I think the TV is a treasure, but most people ignore it. They probably just think it's a old out of date set that I probably dug out of the trash or was given to me. Same way with my old 64 Magnavox console stereo.

Jeffhs
02-27-2009, 11:56 PM
I know that feeling as well, although here I speak of listening to older music on a radio of the same vintage (I no longer have any of the old TVs I had before I moved here nine years ago. :no:) I sometimes listen to an oldies radio program on weekends; I swear, it sounds better to me on my Zenith K731 or C845 than through a modern radio, or even my Aiwa stereo (1999 vintage). I guess it may be because of the better audio circuitry, larger speakers, better bass response, etc. of these old sets. They certainly don't make them like that anymore.

Jeffhs
02-28-2009, 12:08 AM
I watch RTN too. They show a lot of programs that just aren't rerun anymore. I have my 1969 Sylvania in my office and have RTN on during the day when I work.

There is something about watching old shows on a old set. When I first got mine I watched 1969 episodes of Love American Style on it and some old Color network logos like the 60's NBC Peacock, CBS in Color, ABC.

Having a old console also brings back childhood memories. I was born in 78 and we had a RCA console in the livingroom while growing up. I use to watch Bewitched, Gilligans Island, I Dream of Jeannie, N@N etc.....WGN has been showing Bewitched and Jeannie and it's like I'm 6 again.
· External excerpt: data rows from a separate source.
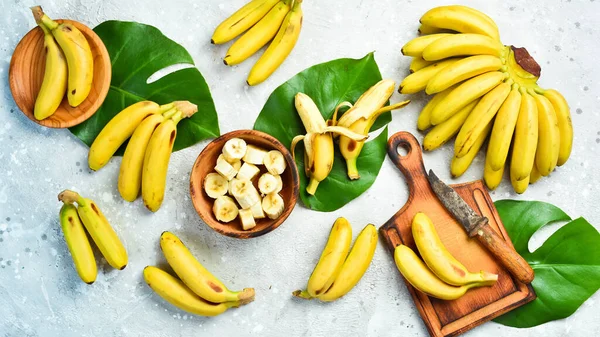 A bunch of bananas and a sliced banana baby on a table, delicious, natural. On a stone background. Free copy space. Top view.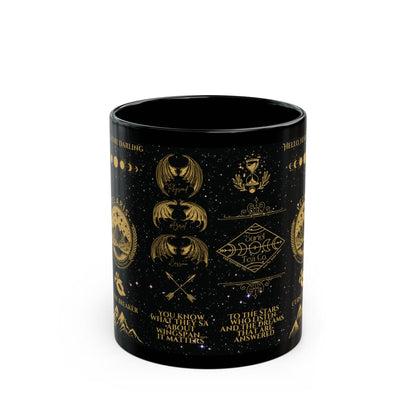 a black mug with gold designs on it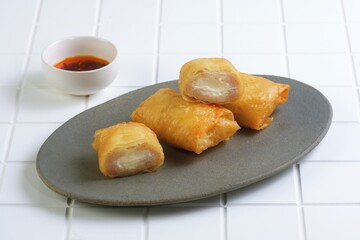 Golden brown crispy fried dimsum or dimsum goreng keju served on a dark grey plate with chili sauce. Perfect Asian snack or appetizer for culinary and food photography content.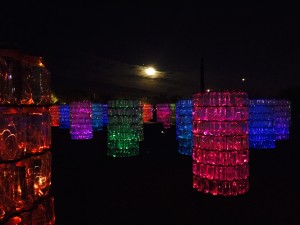 A beautiful art display involving plastic water bottles and light at the Desert Botanical Gardens in Phoenix, with the moon behind.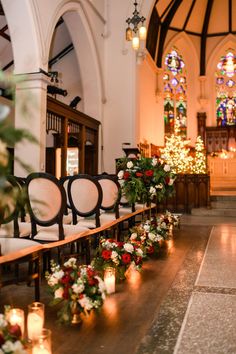 rows of chairs lined up with flowers and candles in front of the alter at a church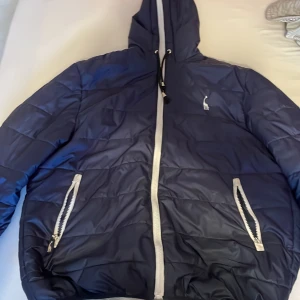 Mörkblå pufferjacka med huva - Säljer en snygg mörkblå pufferjacka med huva. Jackan har en vit dragkedja och praktiska fickor med dragkedjor. Perfekt för kyliga dagar och håller dig varm och bekväm. Passar både till vardags och lite mer avslappnade tillfällen. 🧥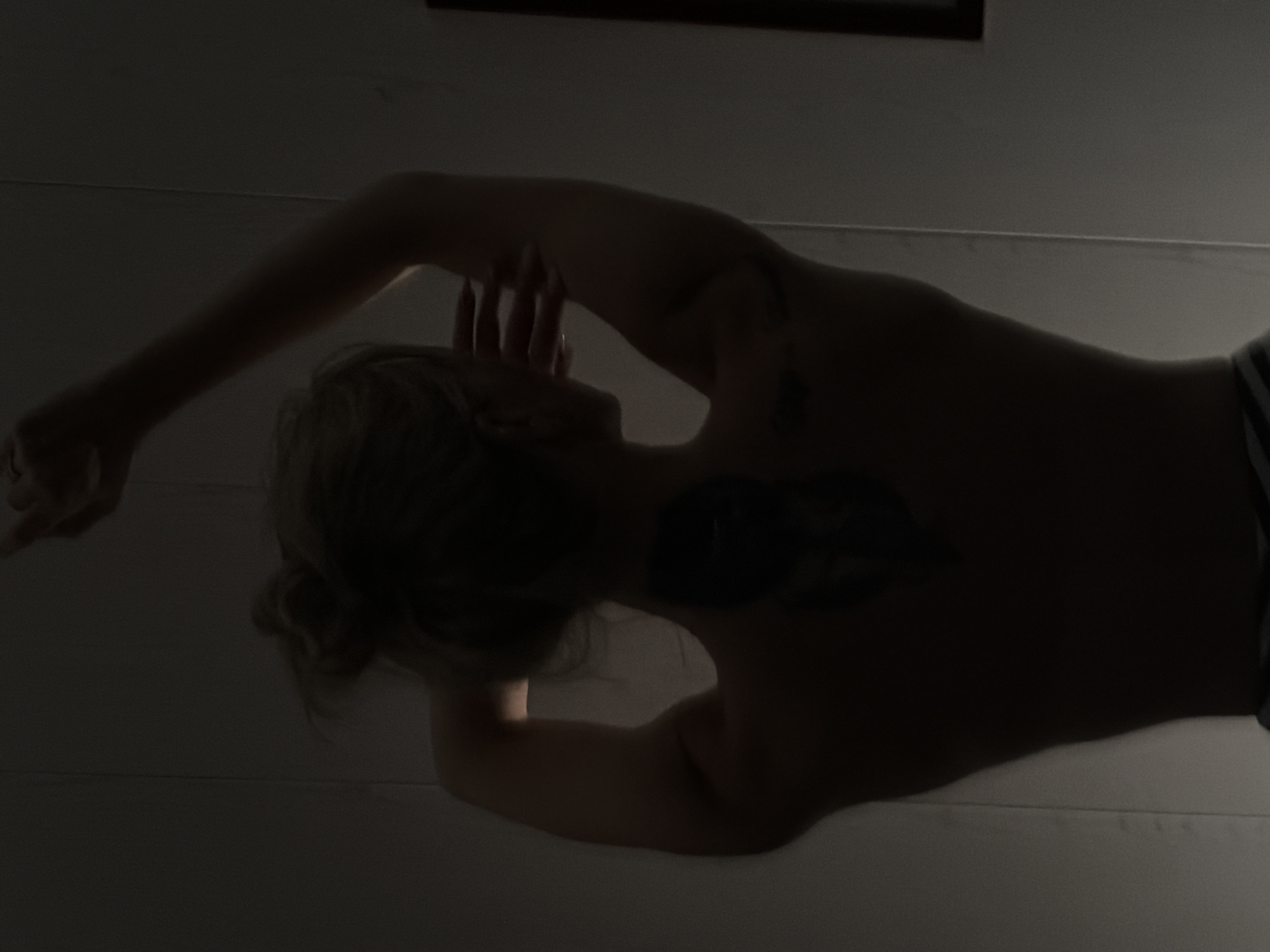 A person is lying on their side in a dimly lit interior. The person has blonde hair styled in a bun and a tattoo on their back. One arm is extended overhead, with the hand near their head. The other arm is out of view. The scene is likely indoors, given the wall and possibly a picture frame visible in the background. There is no confirmation this image was taken in Chaikovsky, Russia.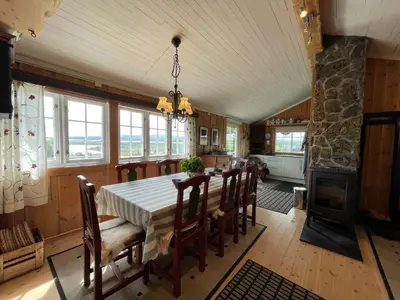 a dining room with a table and chairs and a fireplace at Snikkerplassen - cabin with amazing view and hiking opportunities in Sør-Fron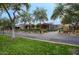 Street view of landscaped front yards featuring mature trees and colorful vegetation at 18916 N 98Th St # 3709, Scottsdale, AZ 85255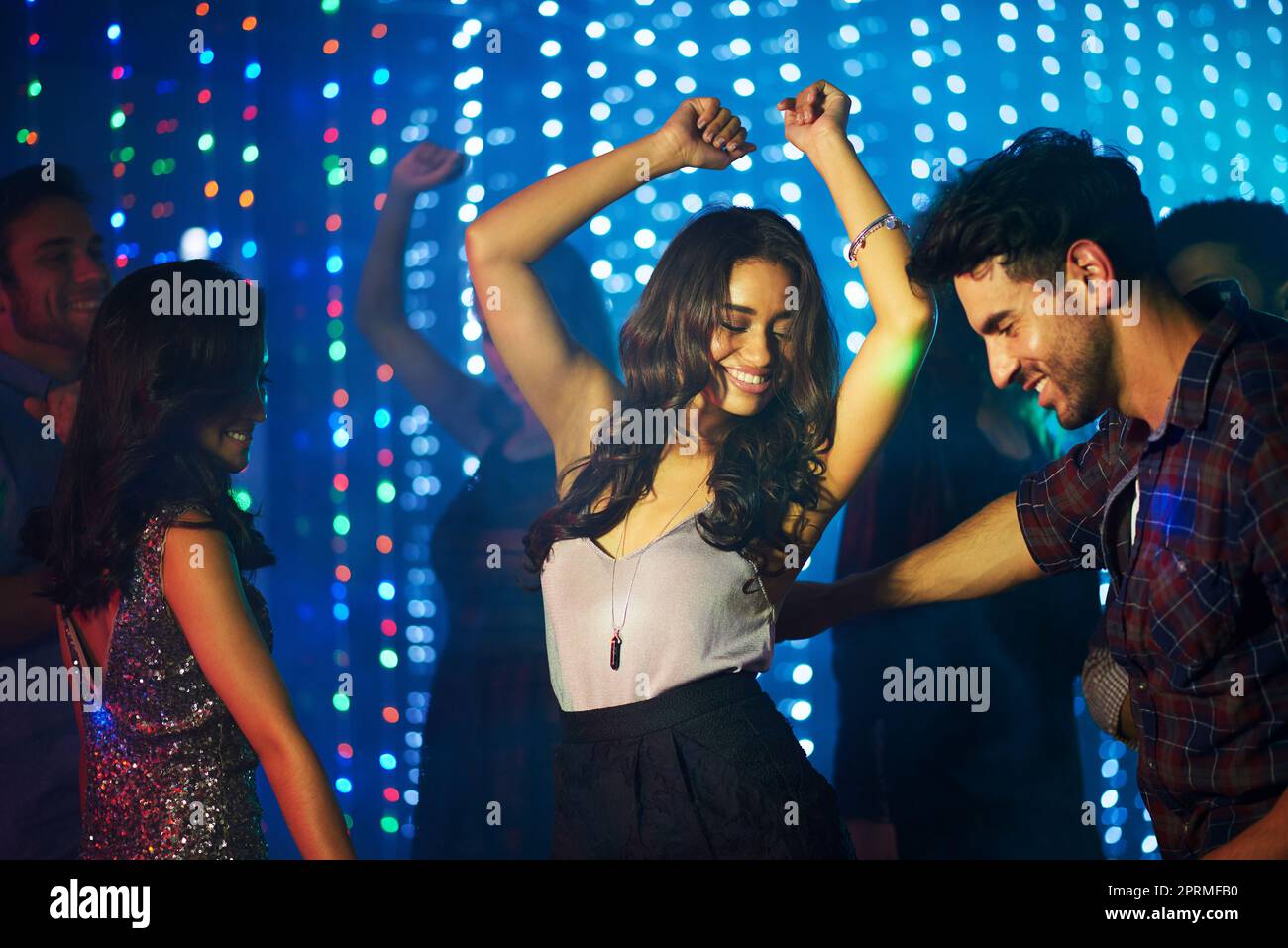 Amo questa canzone, un gruppo di giovani che si divertono sulla pista da ballo in un night club. Foto Stock
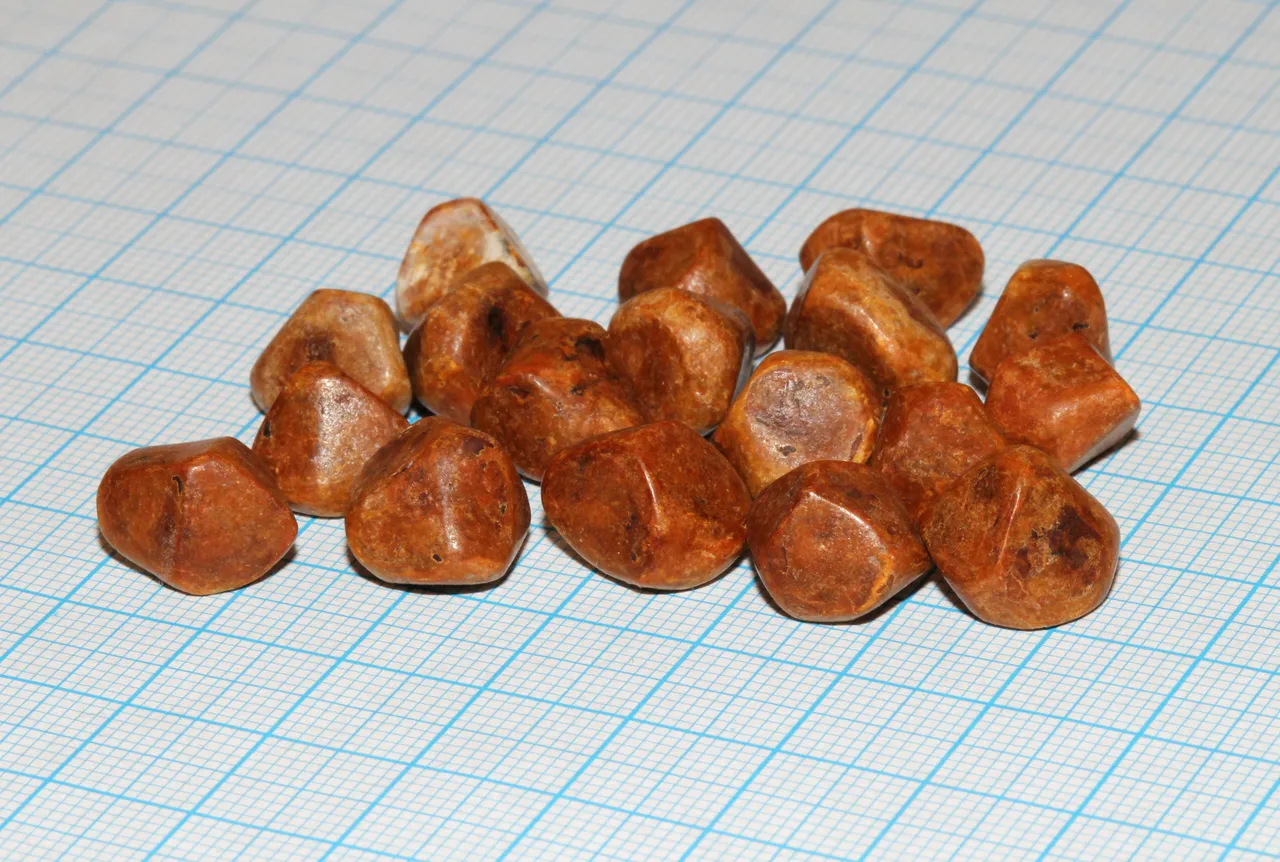 Gallstones removed from one patient, on a millimetre grid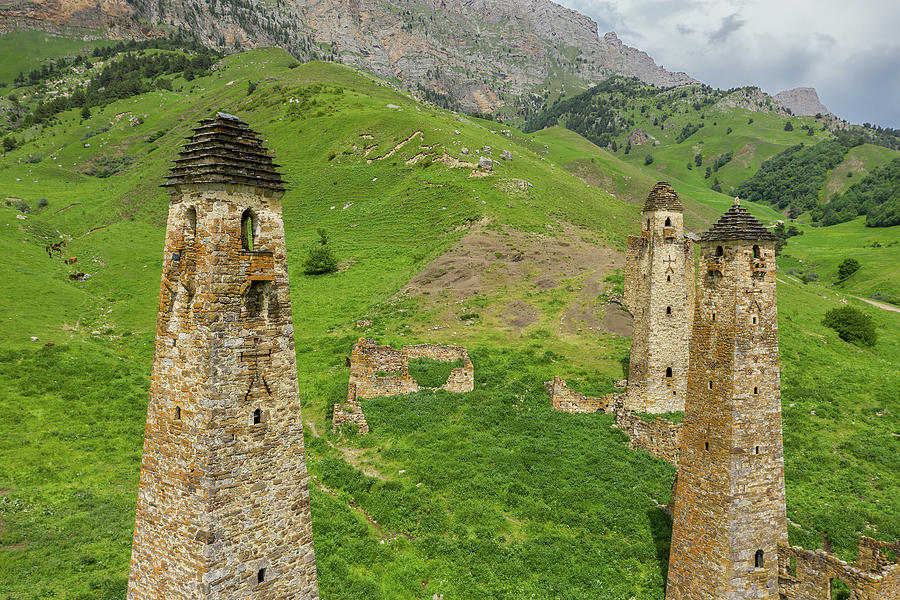 Medieval tower complex in mountains #1 Photograph by Mikhail Kokhanchikov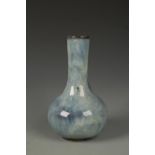 A CHINESE SHIWAN FLAMBE BOTTLE VASE, late Qing/Republic, 8.75" high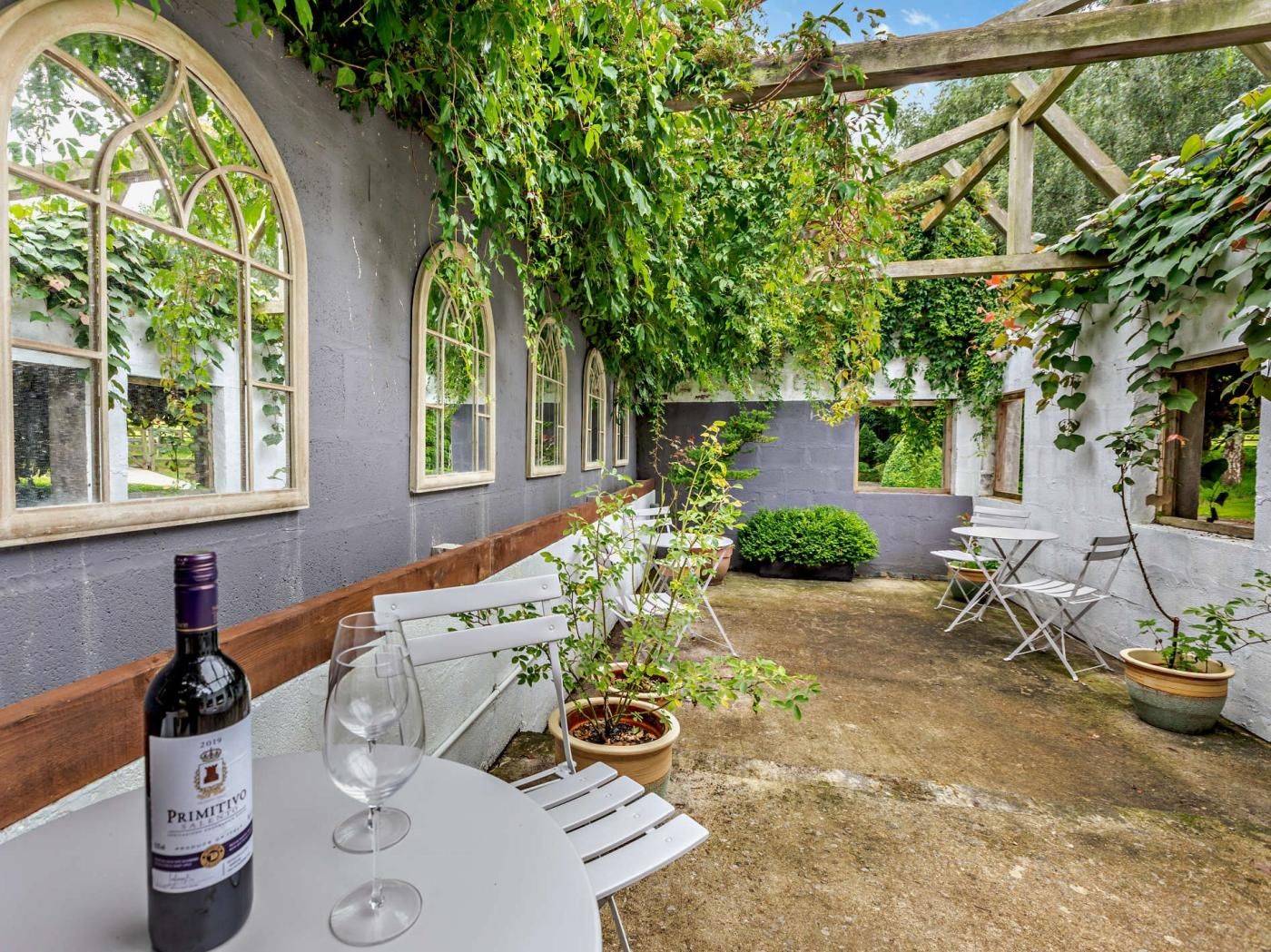 A patio with a table, chairs, and a bottle of wine.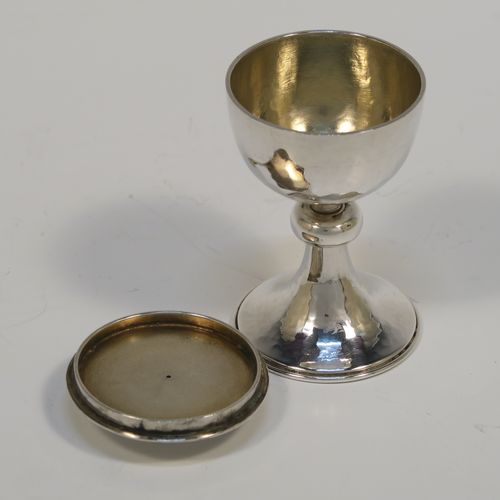 A rare Sterling Silver travelling communion set, consisting of a chalice with pull-off lid and gold-gilt interior, a pyx box with hinged lid, all fitted into a silver-plated cannister style hinged holder with a push-button latch and an applied Christogram on top. This beautiful silver communion set was made by Leonard William Burt of London in 1954. The dimensions of this fine hand-made silver travelling communion set are length of cannister 9 cms (3.5 inches), height of chalice with lid 6.5 cms (2.5 inches), diameter of pyx box 4 cms (1.5 inches), with a total silver weight of approx. 112g (3.6 troy ounces).   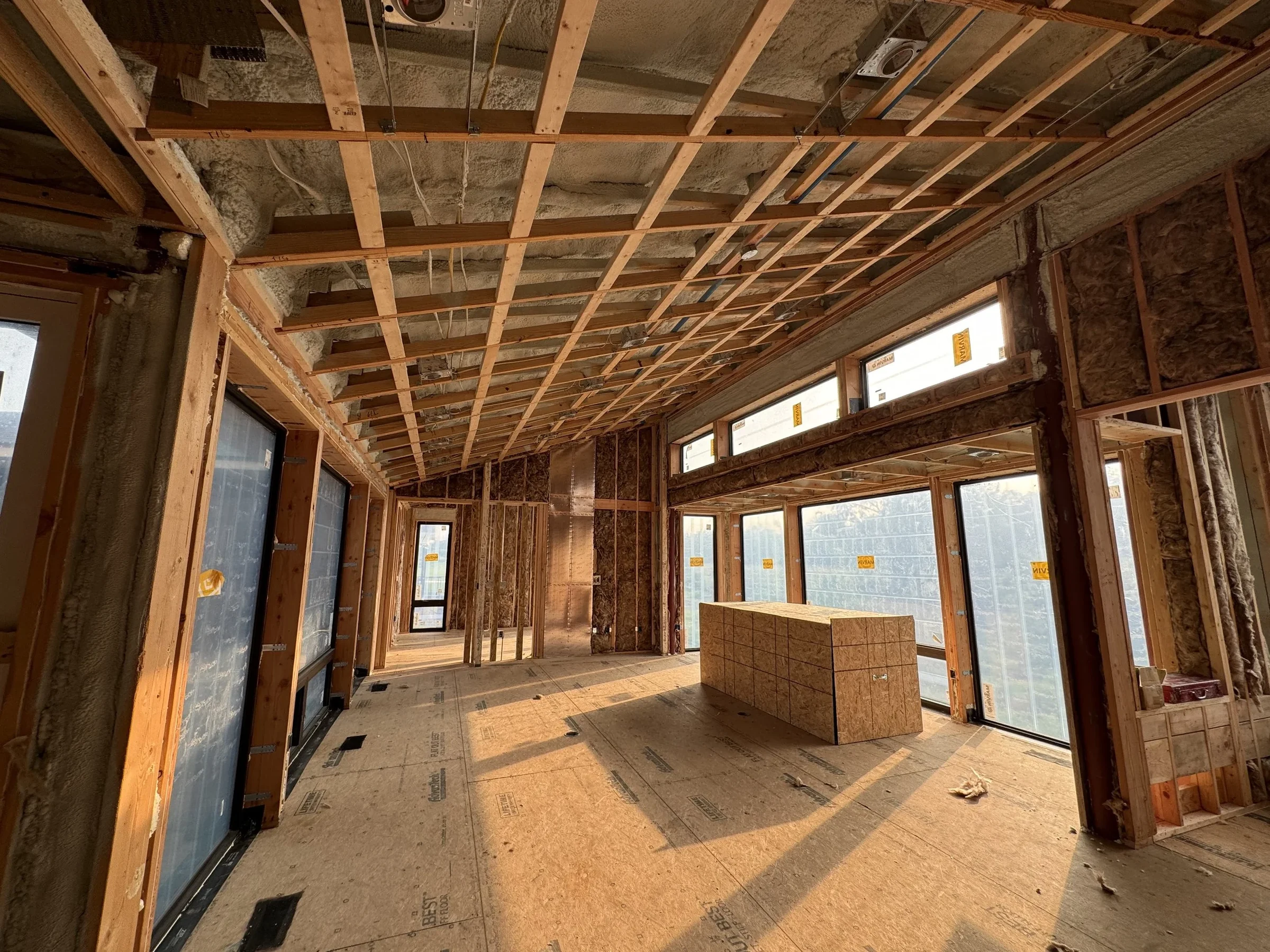 Framed great room in a custom home under construction, with insulation in the walls and ceiling and wrapped windows along one side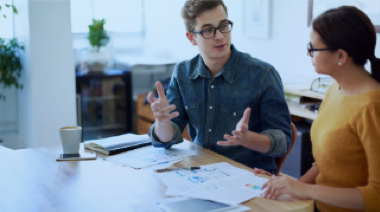 Two people talking Image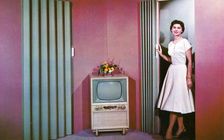 Woman walking into a room with a television, Janesville, Wisconsin, USA, 1955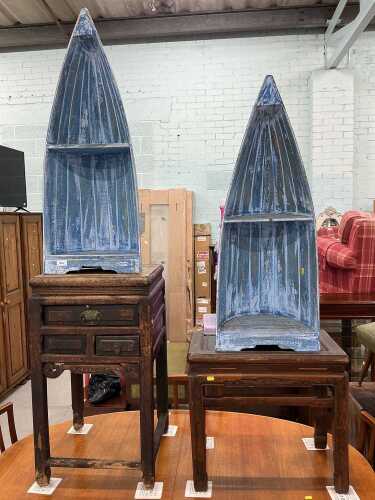 A pair of ship end display cabinets, each with an open shelf, partially painted in blue, an...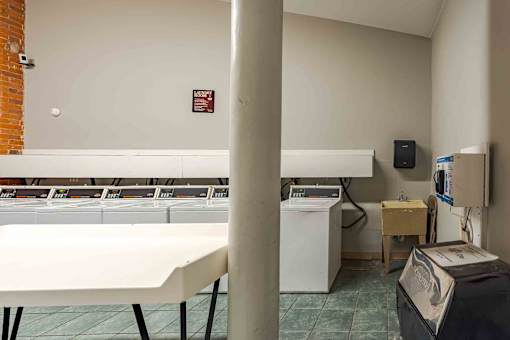 A white table is in the foreground of a room with a washing machine and dryer in the background.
I think the TV is a treasure, but most people ignore it. They probably just think it's a old out of date set that I probably dug out of the trash or was given to me. Same way with my old 64 Magnavox console stereo.

WGN America also has its "Outta Sight Retro Nite" on Sunday evenings, during which the station shows reruns of The Honeymooners (DuMont, 1955-56), Newhart (CBS, early '80s), and WKRP in Cincinnati (CBS, late '70s-early-mid '80s).